Does this sound like a valid issue? Also I can see this happening to more
than one kind of SkipFilters.
-Shrijeet
On Mon, Aug 6, 2012 at 11:38 AM, Shrijeet Paliwal
<sh...@rocketfuel.com>wrote:
> It seems setting time range is a problem , I was doing (*
> scan.setTimeRange(Long.**valueOf(args[4]), Long.valueOf(args[5]));)*
> *
> *
> I was working on assumption that filter logic works before scan logic, in
> other words a KV dropped by filter will not make it to scan. In case of
> time range this might not be true.
>
> -Shrijeet
>
>
> On Mon, Aug 6, 2012 at 9:25 AM, jmozah <jm...@gmail.com> wrote:
>
>> Hmmm.. Missed it. Otherwise i dont spot anything wrong in this.

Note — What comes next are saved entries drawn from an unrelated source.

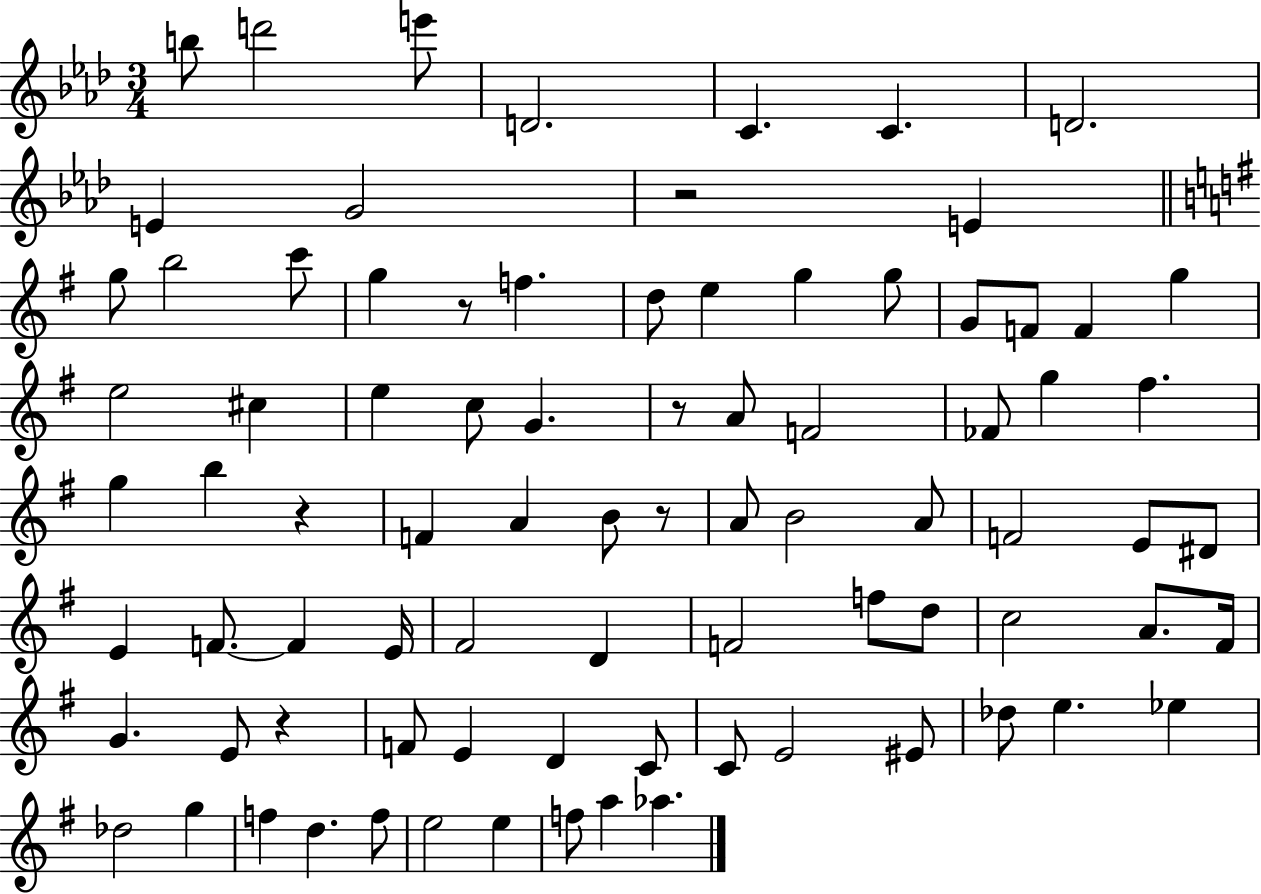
{
  \clef treble
  \numericTimeSignature
  \time 3/4
  \key aes \major
  b''8 d'''2 e'''8 | d'2. | c'4. c'4. | d'2. | \break e'4 g'2 | r2 e'4 | \bar "||" \break \key e \minor g''8 b''2 c'''8 | g''4 r8 f''4. | d''8 e''4 g''4 g''8 | g'8 f'8 f'4 g''4 | \break e''2 cis''4 | e''4 c''8 g'4. | r8 a'8 f'2 | fes'8 g''4 fis''4. | \break g''4 b''4 r4 | f'4 a'4 b'8 r8 | a'8 b'2 a'8 | f'2 e'8 dis'8 | \break e'4 f'8.~~ f'4 e'16 | fis'2 d'4 | f'2 f''8 d''8 | c''2 a'8. fis'16 | \break g'4. e'8 r4 | f'8 e'4 d'4 c'8 | c'8 e'2 eis'8 | des''8 e''4. ees''4 | \break des''2 g''4 | f''4 d''4. f''8 | e''2 e''4 | f''8 a''4 aes''4. | \break \bar "|."
}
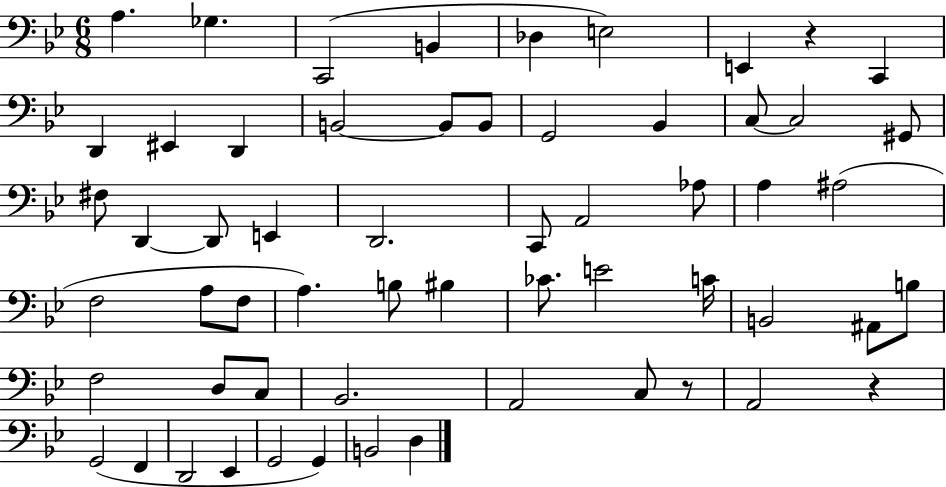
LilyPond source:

{
  \clef bass
  \numericTimeSignature
  \time 6/8
  \key bes \major
  a4. ges4. | c,2( b,4 | des4 e2) | e,4 r4 c,4 | \break d,4 eis,4 d,4 | b,2~~ b,8 b,8 | g,2 bes,4 | c8~~ c2 gis,8 | \break fis8 d,4~~ d,8 e,4 | d,2. | c,8 a,2 aes8 | a4 ais2( | \break f2 a8 f8 | a4.) b8 bis4 | ces'8. e'2 c'16 | b,2 ais,8 b8 | \break f2 d8 c8 | bes,2. | a,2 c8 r8 | a,2 r4 | \break g,2( f,4 | d,2 ees,4 | g,2 g,4) | b,2 d4 | \break \bar "|."
}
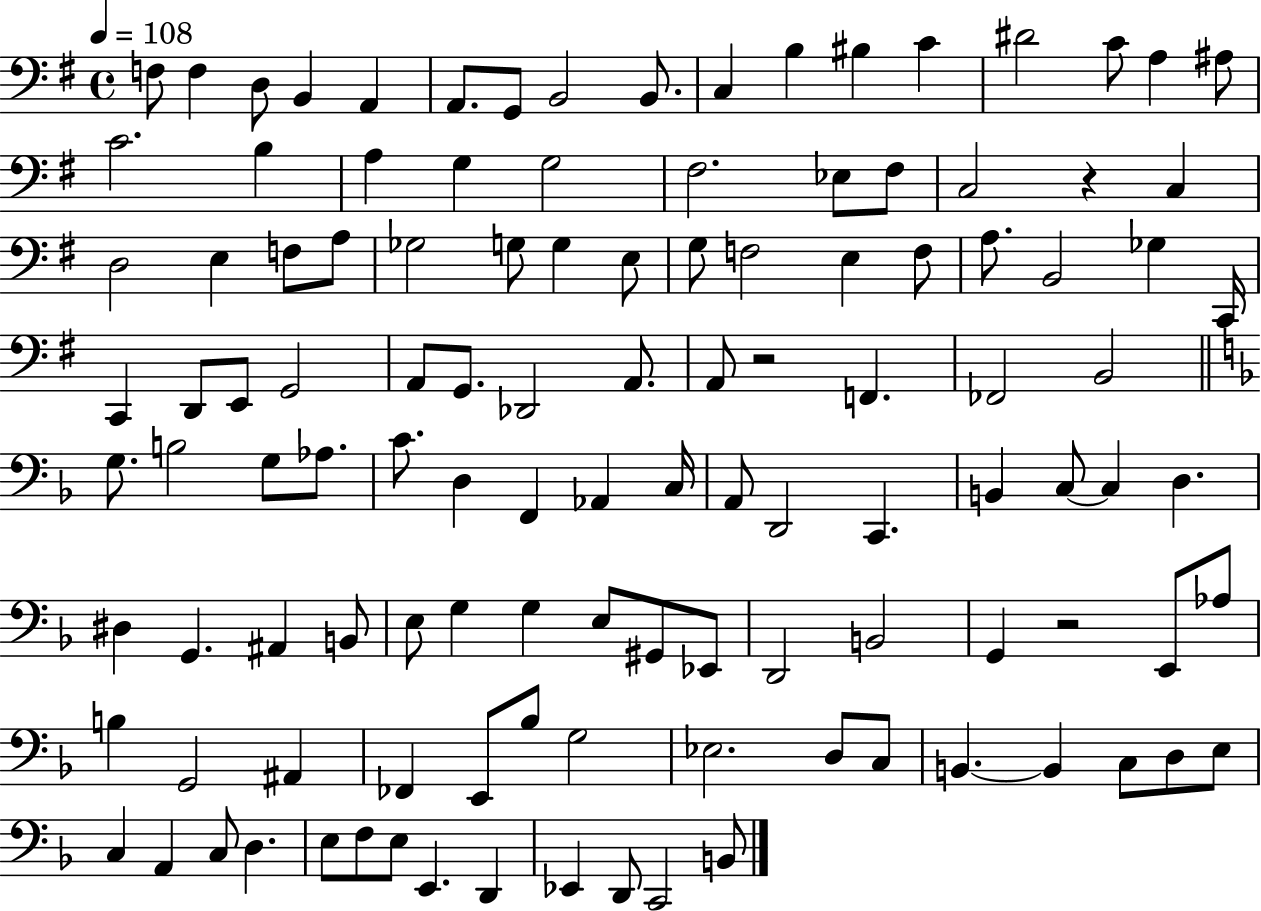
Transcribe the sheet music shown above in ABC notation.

X:1
T:Untitled
M:4/4
L:1/4
K:G
F,/2 F, D,/2 B,, A,, A,,/2 G,,/2 B,,2 B,,/2 C, B, ^B, C ^D2 C/2 A, ^A,/2 C2 B, A, G, G,2 ^F,2 _E,/2 ^F,/2 C,2 z C, D,2 E, F,/2 A,/2 _G,2 G,/2 G, E,/2 G,/2 F,2 E, F,/2 A,/2 B,,2 _G, C,,/4 C,, D,,/2 E,,/2 G,,2 A,,/2 G,,/2 _D,,2 A,,/2 A,,/2 z2 F,, _F,,2 B,,2 G,/2 B,2 G,/2 _A,/2 C/2 D, F,, _A,, C,/4 A,,/2 D,,2 C,, B,, C,/2 C, D, ^D, G,, ^A,, B,,/2 E,/2 G, G, E,/2 ^G,,/2 _E,,/2 D,,2 B,,2 G,, z2 E,,/2 _A,/2 B, G,,2 ^A,, _F,, E,,/2 _B,/2 G,2 _E,2 D,/2 C,/2 B,, B,, C,/2 D,/2 E,/2 C, A,, C,/2 D, E,/2 F,/2 E,/2 E,, D,, _E,, D,,/2 C,,2 B,,/2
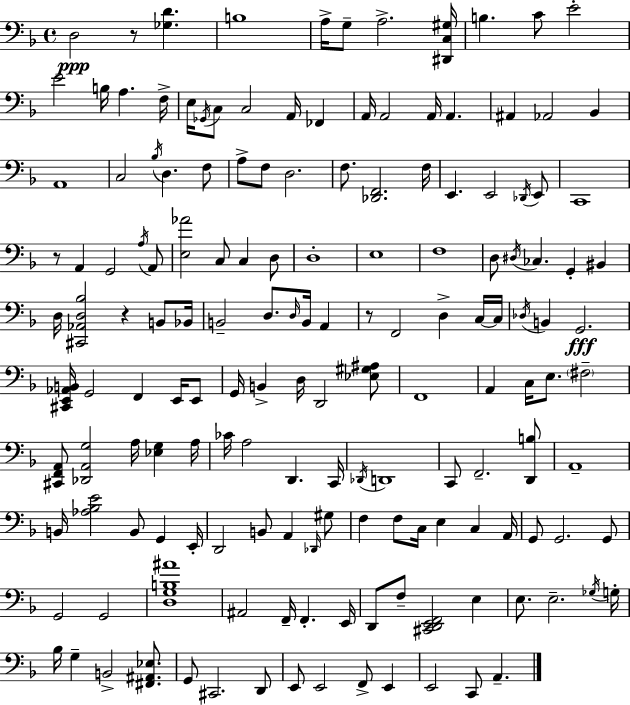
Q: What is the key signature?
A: D minor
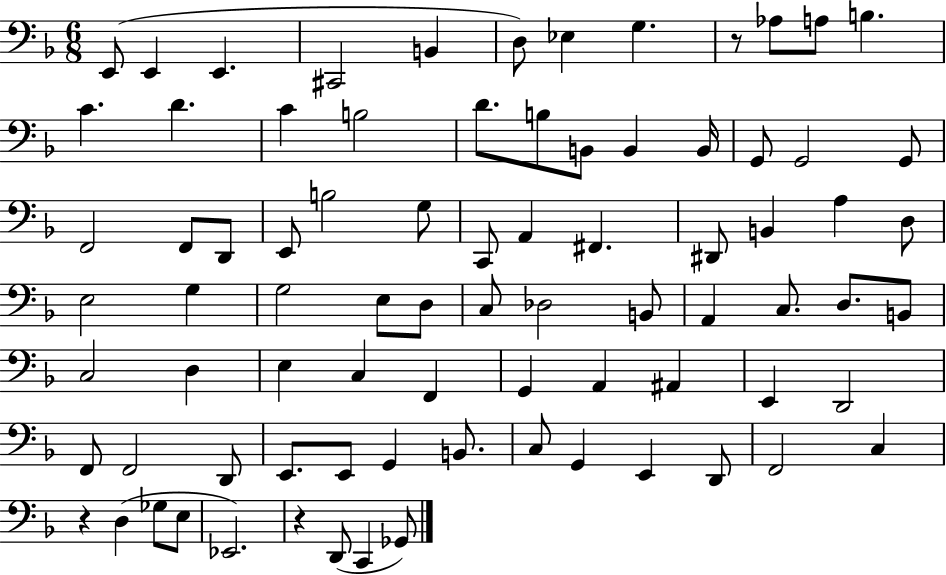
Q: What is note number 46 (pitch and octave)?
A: C3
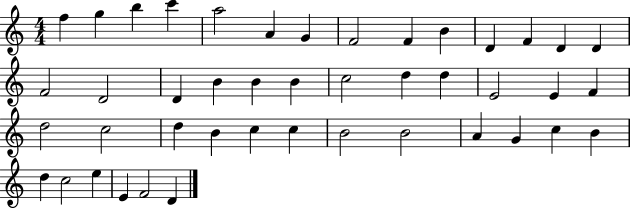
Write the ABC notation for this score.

X:1
T:Untitled
M:4/4
L:1/4
K:C
f g b c' a2 A G F2 F B D F D D F2 D2 D B B B c2 d d E2 E F d2 c2 d B c c B2 B2 A G c B d c2 e E F2 D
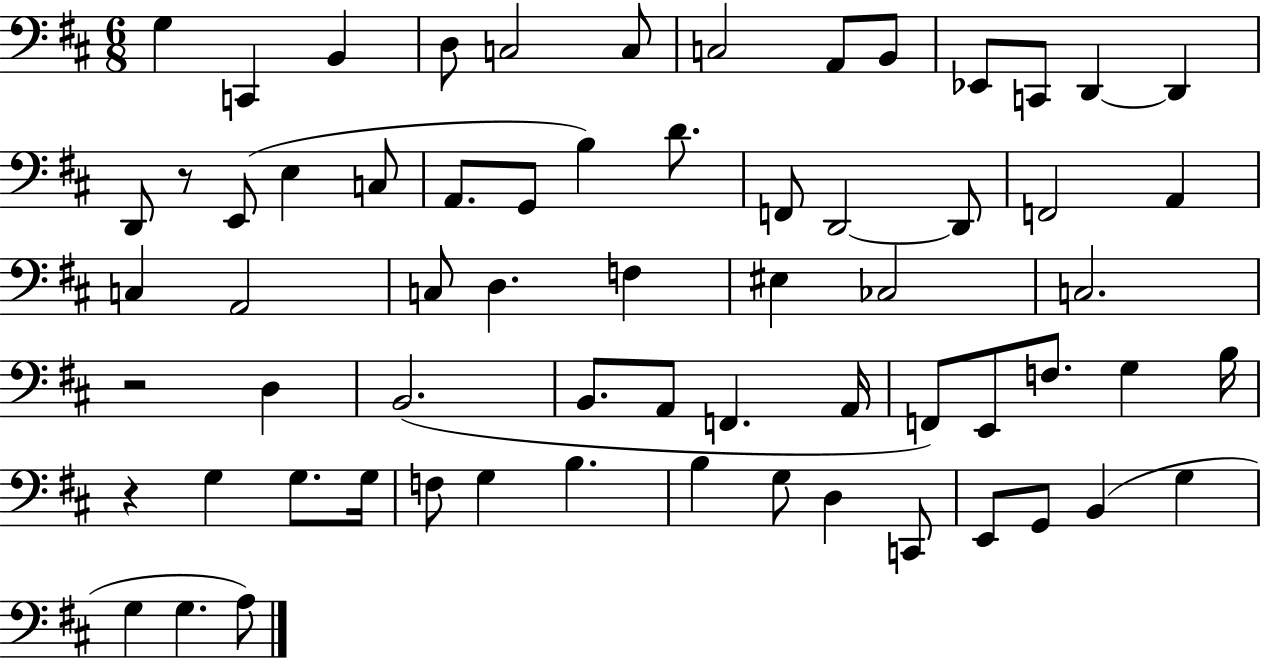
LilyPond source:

{
  \clef bass
  \numericTimeSignature
  \time 6/8
  \key d \major
  \repeat volta 2 { g4 c,4 b,4 | d8 c2 c8 | c2 a,8 b,8 | ees,8 c,8 d,4~~ d,4 | \break d,8 r8 e,8( e4 c8 | a,8. g,8 b4) d'8. | f,8 d,2~~ d,8 | f,2 a,4 | \break c4 a,2 | c8 d4. f4 | eis4 ces2 | c2. | \break r2 d4 | b,2.( | b,8. a,8 f,4. a,16 | f,8) e,8 f8. g4 b16 | \break r4 g4 g8. g16 | f8 g4 b4. | b4 g8 d4 c,8 | e,8 g,8 b,4( g4 | \break g4 g4. a8) | } \bar "|."
}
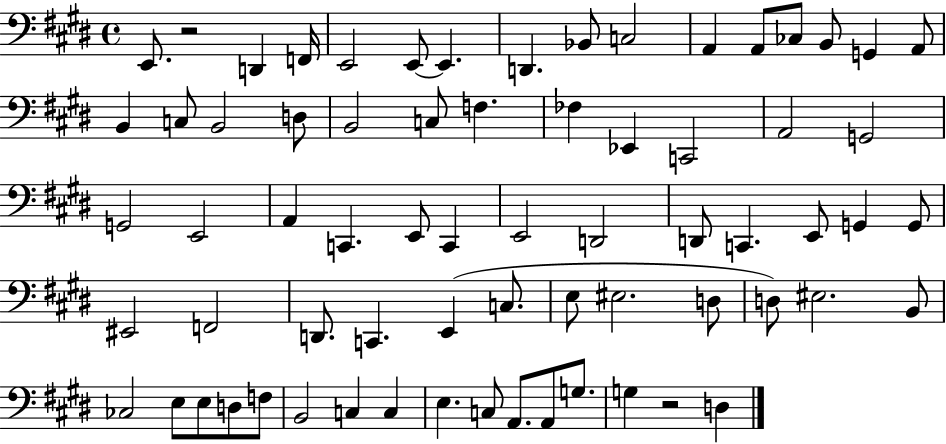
X:1
T:Untitled
M:4/4
L:1/4
K:E
E,,/2 z2 D,, F,,/4 E,,2 E,,/2 E,, D,, _B,,/2 C,2 A,, A,,/2 _C,/2 B,,/2 G,, A,,/2 B,, C,/2 B,,2 D,/2 B,,2 C,/2 F, _F, _E,, C,,2 A,,2 G,,2 G,,2 E,,2 A,, C,, E,,/2 C,, E,,2 D,,2 D,,/2 C,, E,,/2 G,, G,,/2 ^E,,2 F,,2 D,,/2 C,, E,, C,/2 E,/2 ^E,2 D,/2 D,/2 ^E,2 B,,/2 _C,2 E,/2 E,/2 D,/2 F,/2 B,,2 C, C, E, C,/2 A,,/2 A,,/2 G,/2 G, z2 D,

>> are you sure about the column names?
>>
>> ./zahoor
>>
>>
>> On 06-Aug-2012, at 9:34 PM, Shrijeet Paliwal <sh...@rocketfuel.com>
>> wrote:
>>
>> > I am using FilterList. Could you elaborate?
>> >
>> > On Mon, Aug 6, 2012 at 8:48 AM, jmozah <jm...@gmail.com> wrote:
>> >
>> >>
>> >>
>> >> Use FilterList instead of List of Filters.
>> >>
>> >> ./Zahoor
>> >>
>> >> On 06-Aug-2012, at 12:12 PM, Shrijeet Paliwal <shrijeet@rocketfuel.com
>> >
>> >> wrote:
>> >>
>> >>> Hi All,
>> >>>
>> >>> I am writing a job which finds rows that do not have a cell
>> corresponding
>> >>> to any of the columns in the given set of columns.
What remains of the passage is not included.